Assignment: Output all of the records word for word and drop the images.

The records:

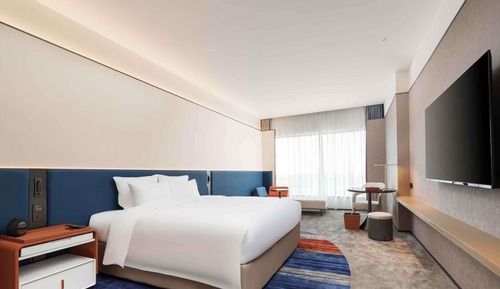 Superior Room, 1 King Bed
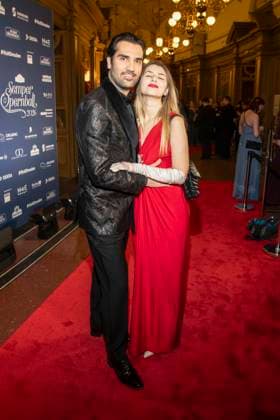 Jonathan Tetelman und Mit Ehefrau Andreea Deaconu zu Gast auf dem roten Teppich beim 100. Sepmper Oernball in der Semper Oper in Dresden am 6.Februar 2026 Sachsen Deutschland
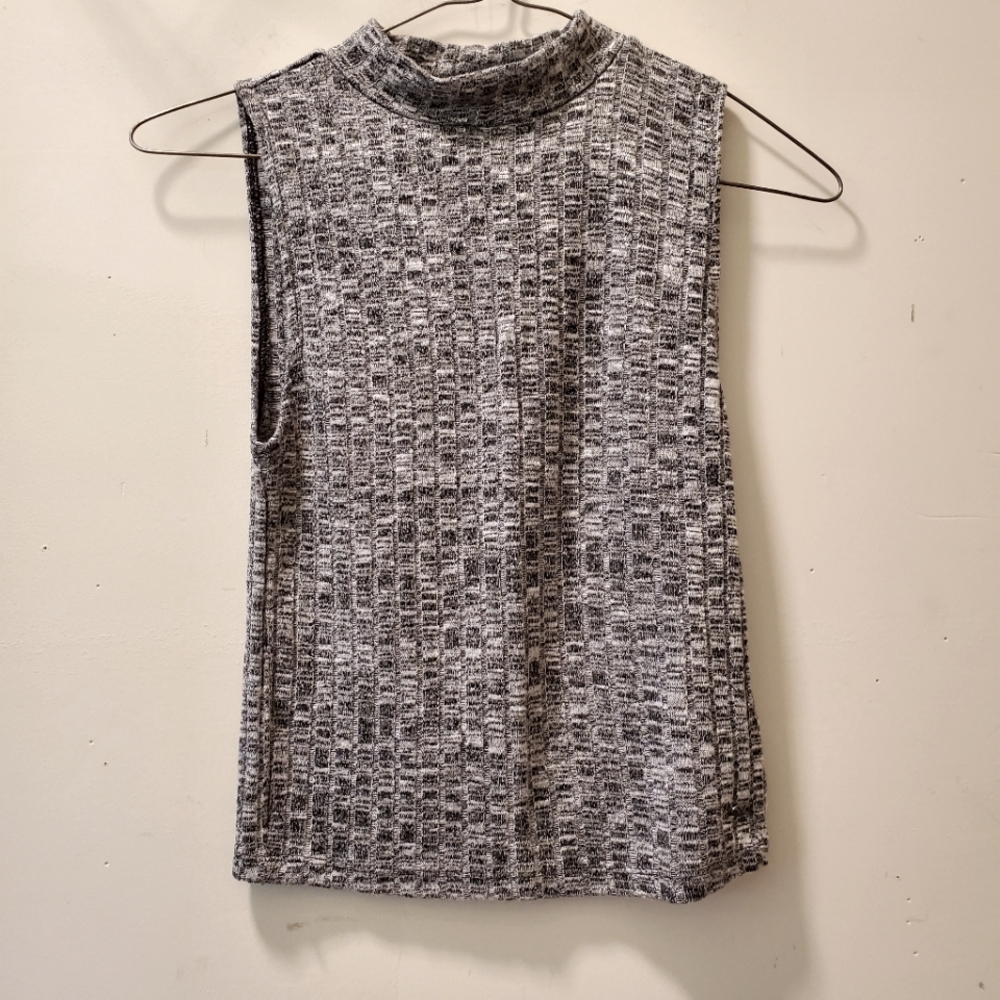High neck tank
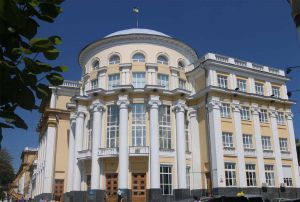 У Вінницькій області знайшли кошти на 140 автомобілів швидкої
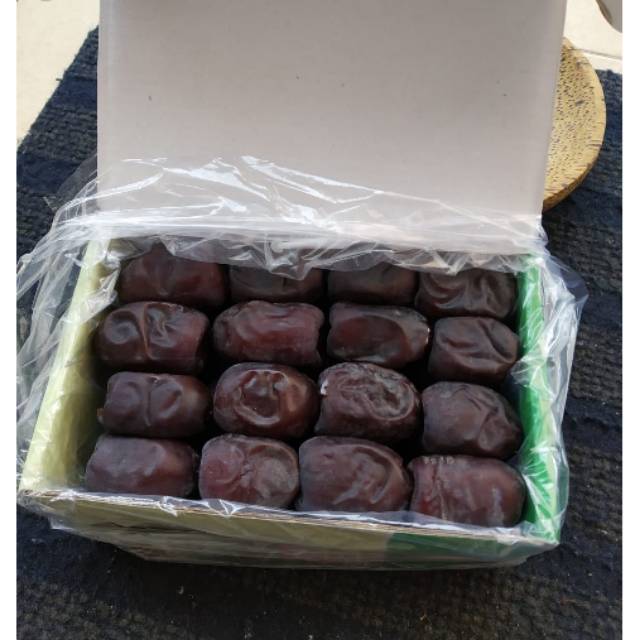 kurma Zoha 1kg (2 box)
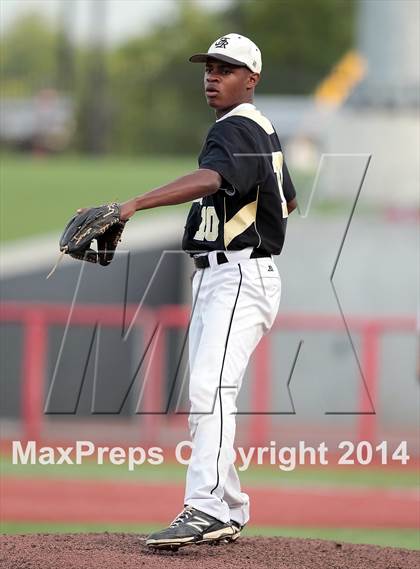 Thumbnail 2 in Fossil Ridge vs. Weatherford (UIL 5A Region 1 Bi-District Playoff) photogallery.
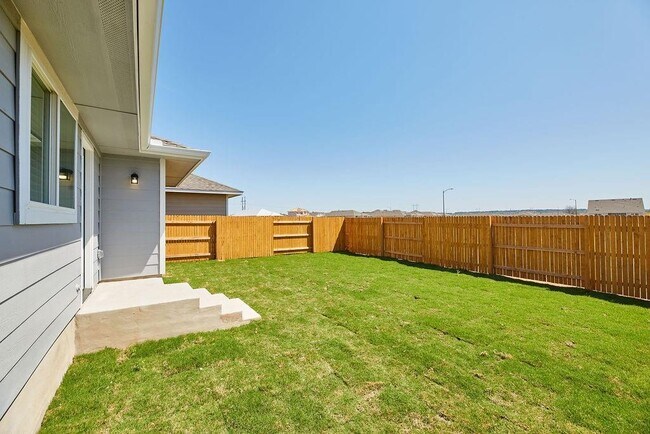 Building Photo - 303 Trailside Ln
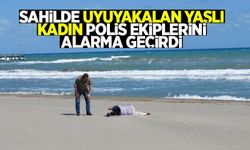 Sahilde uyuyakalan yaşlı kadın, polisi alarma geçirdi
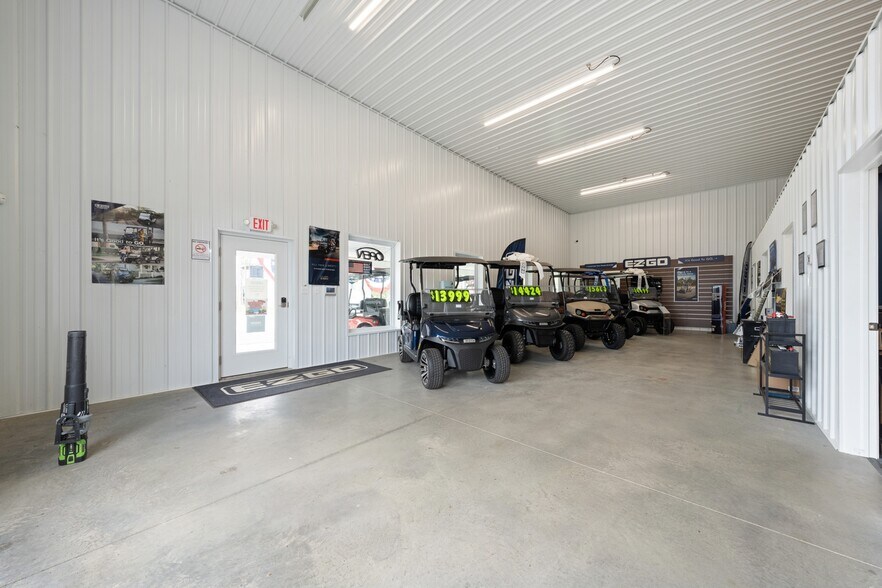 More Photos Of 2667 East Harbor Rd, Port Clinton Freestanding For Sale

Worked solution:
 Superior Room, 1 King Bed
 Jonathan Tetelman und Mit Ehefrau Andreea Deaconu zu Gast auf dem roten Teppich beim 100. Sepmper Oernball in der Semper Oper in Dresden am 6.Februar 2026 Sachsen Deutschland
High neck tank
 У Вінницькій області знайшли кошти на 140 автомобілів швидкої
 kurma Zoha 1kg (2 box)
 Thumbnail 2 in Fossil Ridge vs. Weatherford (UIL 5A Region 1 Bi-District Playoff) photogallery.
 Building Photo - 303 Trailside Ln
 Sahilde uyuyakalan yaşlı kadın, polisi alarma geçirdi
 More Photos Of 2667 East Harbor Rd, Port Clinton Freestanding For Sale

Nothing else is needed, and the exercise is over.